Great work,very intresting :thumbsup: I came accross a very old flint smoothbore one day.it werent in shooting condition,the muzzle was in bad shape and the frizzen spring was capoot.The thing i found intresting was the pan was very shallow.Instead of digging it deeper some one had used a drill,most likely the old hand crank kind and drilled a hole in the pan right close and under the touch hole.It was then drilled at angles toward the center of the hole.Kinda like a half star.Maybe they new what they were doing.Be harder to clean most likely but it might have worked good.
 
Thanks for taking the time to do these tests and share so freely with the blackpowder community.

The only fly in the ointment here is the fact that you are essentially testing an "open air system", there is no charge or clean-out screw in the barrel which I feel would seriously affect the results. ??
 
ApprenticeBuilder said:
Thanks for taking the time to do these tests and share so freely with the blackpowder community.

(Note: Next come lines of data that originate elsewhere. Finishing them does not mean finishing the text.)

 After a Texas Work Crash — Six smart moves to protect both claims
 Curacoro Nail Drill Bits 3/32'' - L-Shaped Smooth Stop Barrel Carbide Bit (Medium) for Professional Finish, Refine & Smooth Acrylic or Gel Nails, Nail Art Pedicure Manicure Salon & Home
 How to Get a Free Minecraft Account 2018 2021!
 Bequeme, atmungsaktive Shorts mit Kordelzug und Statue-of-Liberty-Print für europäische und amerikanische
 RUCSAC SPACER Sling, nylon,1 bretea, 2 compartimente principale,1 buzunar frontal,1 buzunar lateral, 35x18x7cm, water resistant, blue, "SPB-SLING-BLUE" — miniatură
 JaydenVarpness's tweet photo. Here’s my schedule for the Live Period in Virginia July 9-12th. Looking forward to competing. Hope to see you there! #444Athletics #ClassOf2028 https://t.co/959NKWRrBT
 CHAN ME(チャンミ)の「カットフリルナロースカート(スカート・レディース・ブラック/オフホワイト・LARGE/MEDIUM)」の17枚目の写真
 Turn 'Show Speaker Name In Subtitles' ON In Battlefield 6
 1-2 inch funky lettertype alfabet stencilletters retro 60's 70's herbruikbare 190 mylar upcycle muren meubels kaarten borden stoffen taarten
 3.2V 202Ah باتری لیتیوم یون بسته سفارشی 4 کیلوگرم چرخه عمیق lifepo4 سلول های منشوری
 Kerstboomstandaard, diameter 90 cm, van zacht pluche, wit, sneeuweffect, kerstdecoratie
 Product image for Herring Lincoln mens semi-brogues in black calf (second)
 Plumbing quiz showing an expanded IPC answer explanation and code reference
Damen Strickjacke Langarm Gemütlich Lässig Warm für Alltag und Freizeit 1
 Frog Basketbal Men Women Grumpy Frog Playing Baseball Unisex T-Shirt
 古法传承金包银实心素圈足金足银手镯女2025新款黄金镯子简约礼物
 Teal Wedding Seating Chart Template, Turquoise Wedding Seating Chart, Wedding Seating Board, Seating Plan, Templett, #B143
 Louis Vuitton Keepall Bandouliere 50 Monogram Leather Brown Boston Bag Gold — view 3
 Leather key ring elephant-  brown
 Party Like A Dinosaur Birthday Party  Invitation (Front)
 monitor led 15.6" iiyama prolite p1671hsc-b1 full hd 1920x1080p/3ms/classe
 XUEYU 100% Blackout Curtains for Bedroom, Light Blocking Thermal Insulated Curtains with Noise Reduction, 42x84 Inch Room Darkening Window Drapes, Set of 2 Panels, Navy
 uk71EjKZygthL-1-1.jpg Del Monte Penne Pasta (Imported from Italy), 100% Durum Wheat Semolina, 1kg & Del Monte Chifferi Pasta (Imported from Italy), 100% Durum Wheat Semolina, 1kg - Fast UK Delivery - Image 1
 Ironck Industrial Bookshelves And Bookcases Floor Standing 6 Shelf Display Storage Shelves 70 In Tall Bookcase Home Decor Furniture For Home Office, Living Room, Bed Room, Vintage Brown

The only fly in the ointment here is the fact that you are essentially testing an "open air system", there is no charge or clean-out screw in the barrel which I feel would seriously affect the results. ??
There's no fly in the ointment at all...you're missing the point of the experiment...the fact that the cleanout screw was removed was to simply amplify the visual illustration for the camera to capture and the results were clear.

A full breech of powder, or sand, would of course block the flame from passing through and out of the clean out screw on the other side, but thats irrelevant to what he was illustrating...the point he was after had already occurred much earlier on the opposite side of the barrel.,the clean out screw exit merely reflected the strength of the earlier action he was after.
:thumbsup:
 
Great work Pletch!

And as usual, great input from the experienced gurus on MLF. Speaking for the folks who are new to this endeavor.